# Tapatalk



## mrtonk (Oct 11, 2011)

Anyone else having issues accessing this forum using Tapatalk sometimes?

Sent from my ADR6400L using Tapatalk 2


----------



## hotelmrrsn (Jul 11, 2011)

i was until today, seems to be working now.

Sent from my iPad using Tapatalk


----------



## Dark Jedi (Nov 3, 2011)

Was working last night. Then this morning it was dead. Then this afternoon started working again. I have noticed the pm button switches from that to conversation a few times.

Sent from my ADR6400L using Tapatalk 2


----------



## trter10 (Jan 4, 2012)

Yeah im having a ton of issues.


----------



## z28 justin (Jul 11, 2011)

Issues here too


----------



## quickdraw86 (Jan 30, 2012)

Issues over the past three days, but working now it seems.

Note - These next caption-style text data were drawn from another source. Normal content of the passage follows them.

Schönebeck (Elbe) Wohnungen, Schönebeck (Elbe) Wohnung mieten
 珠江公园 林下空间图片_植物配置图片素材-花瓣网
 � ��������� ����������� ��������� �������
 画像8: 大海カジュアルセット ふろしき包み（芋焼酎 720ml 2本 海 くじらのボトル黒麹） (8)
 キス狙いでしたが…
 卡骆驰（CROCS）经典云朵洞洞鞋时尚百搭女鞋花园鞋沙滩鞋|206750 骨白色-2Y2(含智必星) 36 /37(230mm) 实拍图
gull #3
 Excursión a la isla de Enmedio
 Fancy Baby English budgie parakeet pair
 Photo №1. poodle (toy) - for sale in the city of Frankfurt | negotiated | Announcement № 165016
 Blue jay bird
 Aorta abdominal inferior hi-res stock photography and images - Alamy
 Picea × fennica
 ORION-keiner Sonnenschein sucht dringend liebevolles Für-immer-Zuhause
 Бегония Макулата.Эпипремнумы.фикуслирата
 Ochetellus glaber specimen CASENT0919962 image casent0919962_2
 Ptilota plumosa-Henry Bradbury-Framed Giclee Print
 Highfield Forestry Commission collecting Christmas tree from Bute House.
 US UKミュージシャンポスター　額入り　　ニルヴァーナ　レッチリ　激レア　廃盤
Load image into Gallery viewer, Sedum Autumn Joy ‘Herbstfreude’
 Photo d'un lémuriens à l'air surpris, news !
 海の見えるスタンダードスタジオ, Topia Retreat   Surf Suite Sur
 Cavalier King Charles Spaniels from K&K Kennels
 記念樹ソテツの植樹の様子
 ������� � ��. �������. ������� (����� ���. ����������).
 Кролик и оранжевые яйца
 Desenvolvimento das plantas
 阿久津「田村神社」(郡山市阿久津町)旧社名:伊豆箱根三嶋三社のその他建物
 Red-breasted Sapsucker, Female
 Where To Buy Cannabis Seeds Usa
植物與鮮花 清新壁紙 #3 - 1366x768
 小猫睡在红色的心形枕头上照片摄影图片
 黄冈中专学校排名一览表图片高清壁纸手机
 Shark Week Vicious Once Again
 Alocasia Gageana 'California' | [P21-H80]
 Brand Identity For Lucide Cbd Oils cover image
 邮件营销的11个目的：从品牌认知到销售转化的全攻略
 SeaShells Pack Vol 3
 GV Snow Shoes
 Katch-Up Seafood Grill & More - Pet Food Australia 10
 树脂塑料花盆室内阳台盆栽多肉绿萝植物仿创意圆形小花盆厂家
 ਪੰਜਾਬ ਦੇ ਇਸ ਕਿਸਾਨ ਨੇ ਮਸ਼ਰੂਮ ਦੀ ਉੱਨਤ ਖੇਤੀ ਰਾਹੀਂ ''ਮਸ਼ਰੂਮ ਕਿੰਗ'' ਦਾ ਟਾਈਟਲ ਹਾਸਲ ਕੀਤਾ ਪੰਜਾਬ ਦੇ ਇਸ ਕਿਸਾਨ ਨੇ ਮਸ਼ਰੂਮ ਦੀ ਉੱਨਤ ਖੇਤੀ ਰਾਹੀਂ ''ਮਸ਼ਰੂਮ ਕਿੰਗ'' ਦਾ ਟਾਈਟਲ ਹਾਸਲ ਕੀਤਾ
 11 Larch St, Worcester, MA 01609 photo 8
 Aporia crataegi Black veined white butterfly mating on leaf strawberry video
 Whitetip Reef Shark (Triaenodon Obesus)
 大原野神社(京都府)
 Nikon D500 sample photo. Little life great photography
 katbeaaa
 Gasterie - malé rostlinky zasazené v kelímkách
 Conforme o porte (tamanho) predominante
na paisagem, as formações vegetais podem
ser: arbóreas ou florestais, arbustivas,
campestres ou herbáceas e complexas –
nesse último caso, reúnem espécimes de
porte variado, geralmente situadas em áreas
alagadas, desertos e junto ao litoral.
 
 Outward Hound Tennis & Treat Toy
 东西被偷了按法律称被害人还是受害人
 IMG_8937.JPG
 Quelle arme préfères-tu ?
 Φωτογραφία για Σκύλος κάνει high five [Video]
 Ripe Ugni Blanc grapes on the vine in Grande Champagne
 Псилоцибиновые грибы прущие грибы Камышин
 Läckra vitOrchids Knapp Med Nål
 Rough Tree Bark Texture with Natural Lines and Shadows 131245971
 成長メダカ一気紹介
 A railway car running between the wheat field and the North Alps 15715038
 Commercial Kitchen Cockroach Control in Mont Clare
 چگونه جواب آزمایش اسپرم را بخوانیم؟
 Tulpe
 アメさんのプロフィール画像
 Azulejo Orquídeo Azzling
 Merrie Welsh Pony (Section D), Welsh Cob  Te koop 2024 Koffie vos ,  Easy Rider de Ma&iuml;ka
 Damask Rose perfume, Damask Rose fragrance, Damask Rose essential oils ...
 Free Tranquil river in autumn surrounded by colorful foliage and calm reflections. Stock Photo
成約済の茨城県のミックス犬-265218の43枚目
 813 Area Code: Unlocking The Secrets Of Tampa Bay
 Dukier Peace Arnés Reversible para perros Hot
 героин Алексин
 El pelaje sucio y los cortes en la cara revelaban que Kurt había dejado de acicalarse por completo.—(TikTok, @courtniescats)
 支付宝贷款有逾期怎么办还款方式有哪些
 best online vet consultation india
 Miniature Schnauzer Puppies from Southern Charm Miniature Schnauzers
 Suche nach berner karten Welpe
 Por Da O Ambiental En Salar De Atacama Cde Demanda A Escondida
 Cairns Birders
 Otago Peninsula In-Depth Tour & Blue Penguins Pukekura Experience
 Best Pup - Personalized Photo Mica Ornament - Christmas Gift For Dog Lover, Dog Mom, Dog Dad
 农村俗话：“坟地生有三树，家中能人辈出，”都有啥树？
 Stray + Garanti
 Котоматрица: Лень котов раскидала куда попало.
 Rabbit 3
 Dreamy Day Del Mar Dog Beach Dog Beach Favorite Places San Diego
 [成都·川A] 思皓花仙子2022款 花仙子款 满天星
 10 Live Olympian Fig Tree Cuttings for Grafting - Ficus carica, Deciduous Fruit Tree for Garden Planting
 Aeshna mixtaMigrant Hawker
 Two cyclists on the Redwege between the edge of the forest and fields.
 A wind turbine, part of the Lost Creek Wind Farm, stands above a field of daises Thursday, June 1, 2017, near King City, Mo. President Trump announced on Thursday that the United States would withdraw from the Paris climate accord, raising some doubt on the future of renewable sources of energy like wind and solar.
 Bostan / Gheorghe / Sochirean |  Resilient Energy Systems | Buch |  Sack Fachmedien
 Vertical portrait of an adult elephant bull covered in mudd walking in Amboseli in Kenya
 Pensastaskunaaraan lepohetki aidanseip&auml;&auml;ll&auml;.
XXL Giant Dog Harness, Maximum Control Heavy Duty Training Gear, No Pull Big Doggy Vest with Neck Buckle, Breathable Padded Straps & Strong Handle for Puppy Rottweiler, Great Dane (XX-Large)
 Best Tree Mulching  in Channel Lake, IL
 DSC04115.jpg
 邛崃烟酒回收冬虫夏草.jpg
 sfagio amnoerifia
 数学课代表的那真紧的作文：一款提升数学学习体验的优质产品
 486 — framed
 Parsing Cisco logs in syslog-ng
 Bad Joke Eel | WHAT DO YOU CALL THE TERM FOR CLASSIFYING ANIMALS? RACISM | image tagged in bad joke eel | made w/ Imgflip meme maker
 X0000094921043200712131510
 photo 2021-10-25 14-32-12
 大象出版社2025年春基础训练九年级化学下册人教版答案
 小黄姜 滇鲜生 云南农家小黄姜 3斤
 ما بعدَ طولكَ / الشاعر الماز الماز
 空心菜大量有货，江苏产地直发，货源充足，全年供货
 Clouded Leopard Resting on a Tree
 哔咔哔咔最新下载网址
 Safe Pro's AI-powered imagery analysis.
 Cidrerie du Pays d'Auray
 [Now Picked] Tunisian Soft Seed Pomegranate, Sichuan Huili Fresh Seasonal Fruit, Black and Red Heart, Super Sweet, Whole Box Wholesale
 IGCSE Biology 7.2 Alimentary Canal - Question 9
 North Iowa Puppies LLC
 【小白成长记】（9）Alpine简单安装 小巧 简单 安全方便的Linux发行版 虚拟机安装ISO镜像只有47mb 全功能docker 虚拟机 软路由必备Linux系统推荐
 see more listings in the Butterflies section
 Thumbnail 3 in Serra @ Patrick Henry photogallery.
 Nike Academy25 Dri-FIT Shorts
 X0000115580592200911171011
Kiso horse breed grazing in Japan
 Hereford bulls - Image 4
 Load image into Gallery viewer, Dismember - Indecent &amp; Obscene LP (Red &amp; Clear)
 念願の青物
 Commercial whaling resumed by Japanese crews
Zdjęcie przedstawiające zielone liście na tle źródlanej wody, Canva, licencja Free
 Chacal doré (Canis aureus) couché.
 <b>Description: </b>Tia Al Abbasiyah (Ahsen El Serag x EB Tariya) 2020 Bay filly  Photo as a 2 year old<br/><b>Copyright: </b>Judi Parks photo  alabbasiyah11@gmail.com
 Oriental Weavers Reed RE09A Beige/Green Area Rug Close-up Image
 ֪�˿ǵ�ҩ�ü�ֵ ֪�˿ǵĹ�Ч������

Sent from my ADR6400L using Xparent Green Tapatalk 2


----------



## mobitote (Jul 13, 2011)

Still got issues...

Sent from my ADR6400L using Tapatalk 2


----------



## jackstraw (Jun 10, 2011)

I can finally access the forums but I can only see the first few posts of each section. it will not refresh and let me scroll down. very annoying

Sent from my Galaxy Nexus using Tapatalk 2


----------



## Dark Jedi (Nov 3, 2011)

Ate you all still using the beta version or the new one in the market?

Sent from my ADR6400L using Tapatalk 2


----------



## trter10 (Jan 4, 2012)

Is working fine today

Sent from my ADR6400L using Tapatalk 2


----------



## mrtonk (Oct 11, 2011)

Dark Jedi said:


> Ate you all still using the beta version or the new one in the market?
> 
> Sent from my ADR6400L using Tapatalk 2


The new one.

Sent from my ADR6400L using Tapatalk 2


----------



## Dark Jedi (Nov 3, 2011)

Ok just making sure as I ran in to that problem when they went from beta 4 to beta 5.

Sent from the hand of Zeus


----------